Not least there is the sheer time and work involved. It's one thing to go into the library and head straight for the issues covering, say, the first week of October, immediately after the Double Event. That's almost certain to turn up something, and if the paper concerned reported the case in detail it can be very instructive too. But to wade through all issues of the paper for 1887, for instance, is hard work (not least on the eyes where microfilm is concerned) and those little stories and snippets which could potentially pay a big dividend are easy to miss.

Assuming a promising story is found, it is very difficult to tie the individual incident into the Whitechapel murders. Even if the researcher restricted his or her efforts to East London, it has been well documented that it was a pretty violent place and stories of attacks on women were commonplace.

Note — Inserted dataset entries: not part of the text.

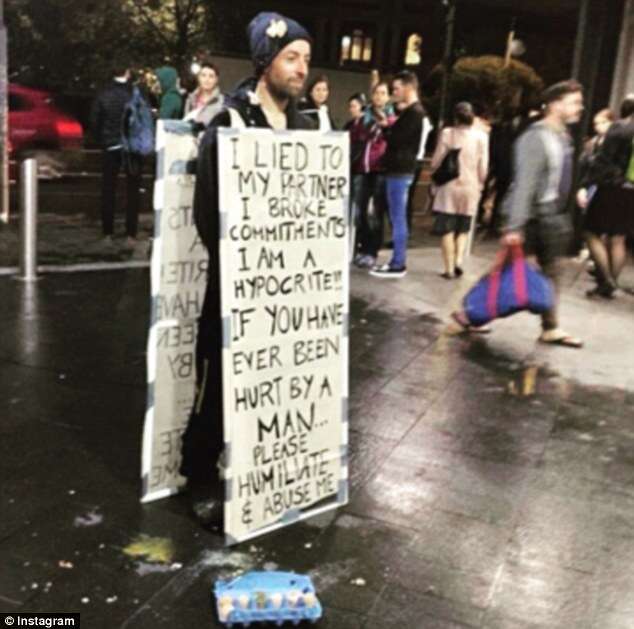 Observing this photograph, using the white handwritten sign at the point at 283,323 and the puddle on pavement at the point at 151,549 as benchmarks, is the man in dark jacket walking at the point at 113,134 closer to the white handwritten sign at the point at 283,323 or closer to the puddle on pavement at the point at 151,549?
the white handwritten sign at the point at 283,323

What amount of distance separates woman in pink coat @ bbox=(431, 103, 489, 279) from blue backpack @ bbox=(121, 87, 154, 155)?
125 inches

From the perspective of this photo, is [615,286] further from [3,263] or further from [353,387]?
[3,263]

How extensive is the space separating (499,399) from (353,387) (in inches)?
36.9

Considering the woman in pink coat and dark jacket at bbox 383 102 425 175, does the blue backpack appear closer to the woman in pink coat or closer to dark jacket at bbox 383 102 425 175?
dark jacket at bbox 383 102 425 175

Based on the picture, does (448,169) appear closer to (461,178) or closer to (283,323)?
(461,178)

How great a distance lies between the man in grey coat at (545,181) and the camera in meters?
6.35

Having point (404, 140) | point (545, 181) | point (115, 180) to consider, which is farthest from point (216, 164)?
point (115, 180)

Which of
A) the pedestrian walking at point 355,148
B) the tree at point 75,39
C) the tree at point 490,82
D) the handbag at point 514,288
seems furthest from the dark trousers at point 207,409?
the tree at point 75,39

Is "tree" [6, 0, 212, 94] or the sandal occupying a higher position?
"tree" [6, 0, 212, 94]

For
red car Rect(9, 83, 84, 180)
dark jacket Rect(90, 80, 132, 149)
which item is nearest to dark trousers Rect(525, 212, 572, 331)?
dark jacket Rect(90, 80, 132, 149)

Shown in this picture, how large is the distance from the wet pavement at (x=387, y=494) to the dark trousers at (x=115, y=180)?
10.1 feet

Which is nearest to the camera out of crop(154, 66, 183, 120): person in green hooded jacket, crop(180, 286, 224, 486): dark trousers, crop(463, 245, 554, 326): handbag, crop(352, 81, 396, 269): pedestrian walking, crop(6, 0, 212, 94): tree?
crop(180, 286, 224, 486): dark trousers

As a 'for instance' we did take an example story of this type for the Casebook Press Project a few months ago. On the same Bank Holiday night that Emma Smith was fatally attacked, a woman named Malvina Haynes was brutally assaulted close to her home in the south Aldgate/Whitechapel area. She too was taken to the London Hospital and was treated by the very same doctor as Smith was. But unlike Ada Wilson's case, for instance, Ripper researchers have never to my knowledge picked up on this incident and discussed it in books. Could this attack (apparently bludgeoning from the report, though it doesn't make it clear) be the work of the Whitechapel murderer before he developed an established MO? (It sounds vaguely reminiscent to me of one of Peter Sutcliffe's early assaults in which he pursued a woman and hit her on the head from behind with a hammer). We simply can't say for sure - and the battering sustained by Mrs. Haynes is one of a depressingly long list of violent incidents reported in the newspapers.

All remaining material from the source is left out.